Droz stated that the technical community is not involved in norm building often. The community should offer to policymakers a better understanding of the technological background of the systems policymakers are trying manage. Droz also stated that the technical community can apply technical solutions to some problems which have political implications, such as human rights.
Relevance of UN GGE norms
According to Kaspar, in the UN GGE 2015 report, the norm which leaves the most space for the engagement of independent civil society organisations is norm 13(e), which stipulates that states must guarantee full respect for human rights.The importance of independent organisations who play a role in making sure that governments are accountable and have obligations under the International Human Rights framework is clear. Civil society also has an important role in education, awareness raising and research. Kaspar stated that if the security of a system is as weak as its weakest link, and the weakest link is the user, then the role of civil society for capacity building, digital security training, and building cyber hygiene is obvious. Civil society also has an important role in developing norms and the operatisationalition of norms related to critical infrastructure.
According to Droz, in the UN GGE 2015 report, the norm that is most relevant for the technical community is norm 13(k), which says that states should not conduct or knowingly support any activity which would harm the information systems of the authorised emergency response teams (i.e. CERTs). Droz stated that private emergency response teams should not be attacked either. In his opinion, norms need to take into account emergency response teams so that these teams can do their work. Most importantly, these teams maintain the Internet as a critical infrastructure.
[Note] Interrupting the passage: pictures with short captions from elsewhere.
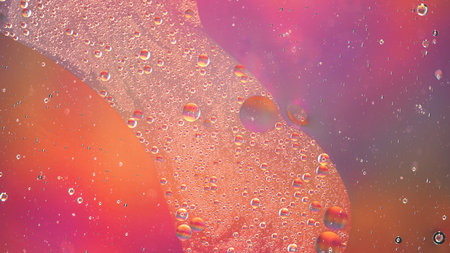 Abstract colorful background with oil on water surface. Oil drops in water abstract psychedelic. abstract image.の写真素材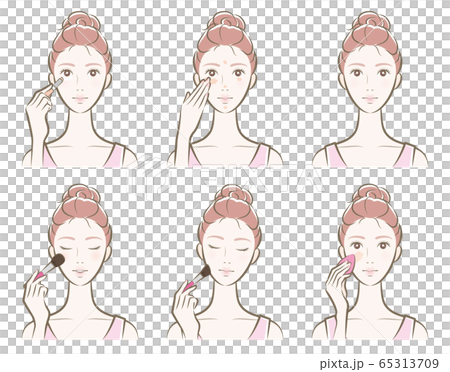 Illustration of a woman doing makeup 65313709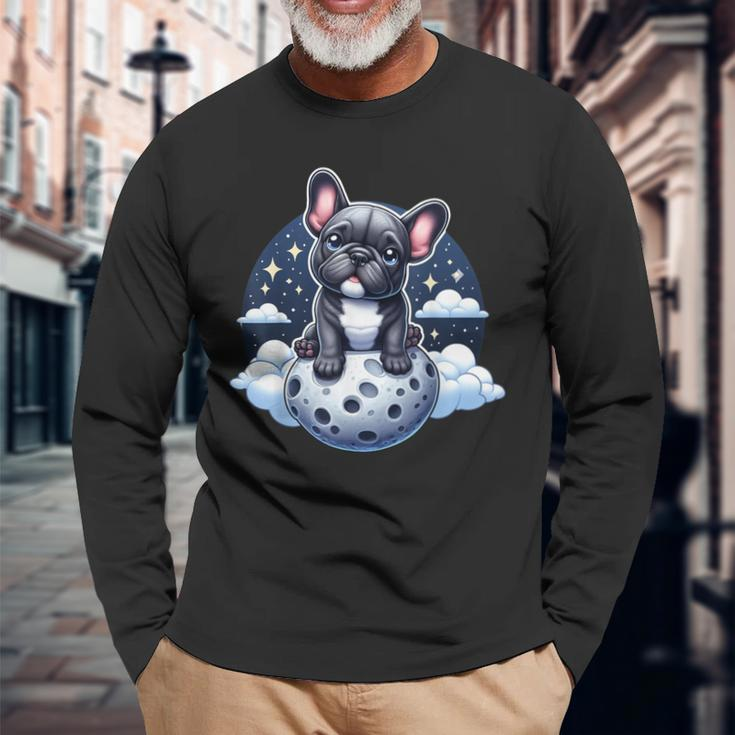 Lunar Frenchie Adventures Beyond Dog Lover French Bulldog Long Sleeve T-Shirt Gifts for Old Men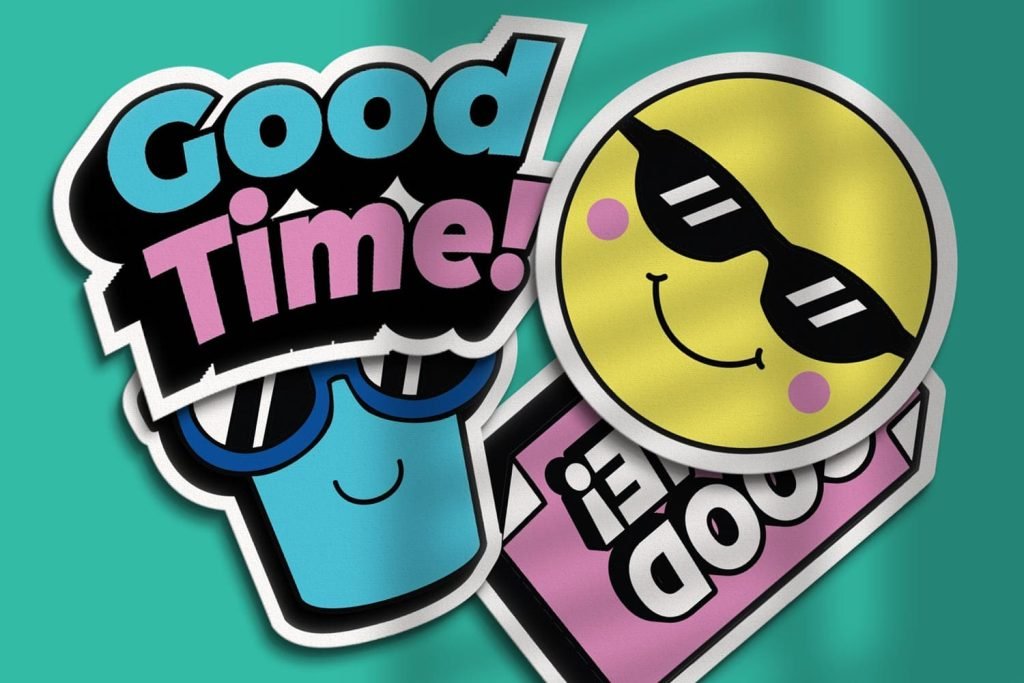 Freebie: 14 "Good Time!" Sticker Templates to Brighten Up Your Designs (AI, EPS, SVG, PNG)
Roles of civil society and the technical community in terms of critical infrastructure
Droz stated that critical infrastructure has to be redefined because a lot of critical infrastructure is in the hands of very few actors. In his opinion, people are going to depend more and more on devices inside cyberspace which are operated by people in civil society. Therefore, these people have to be brought to the table, they have to be involved in the discussions, and they have to be protected. Non-critical infrastructure can become critical infrastructure if a significant part of it is affected, as the Mirai botnet showed.
Kaspar stated that the role for civil society is to participate in developing the framework that will be used in case of an incident response by other stakeholders.
Radunović pointed out that in case of a critical infrastructure attack, civil society can help governments with informing and warning people, as it has a huge outreach and reacts quickly in disasters. Civil society can also play an important role in ‘track 2’ dialogues among states, which can reduce tensions and prevent misunderstandings and possible cyber-incidents.
There is a need for more multistakeholder dialogues on these topics, and for governments to be present in the discussions of other stakeholders. The Geneva Dialogue on Responsible Behaviour in Cyberspace was recognised as one such venue with potential, and its continuing work is welcome by the participants.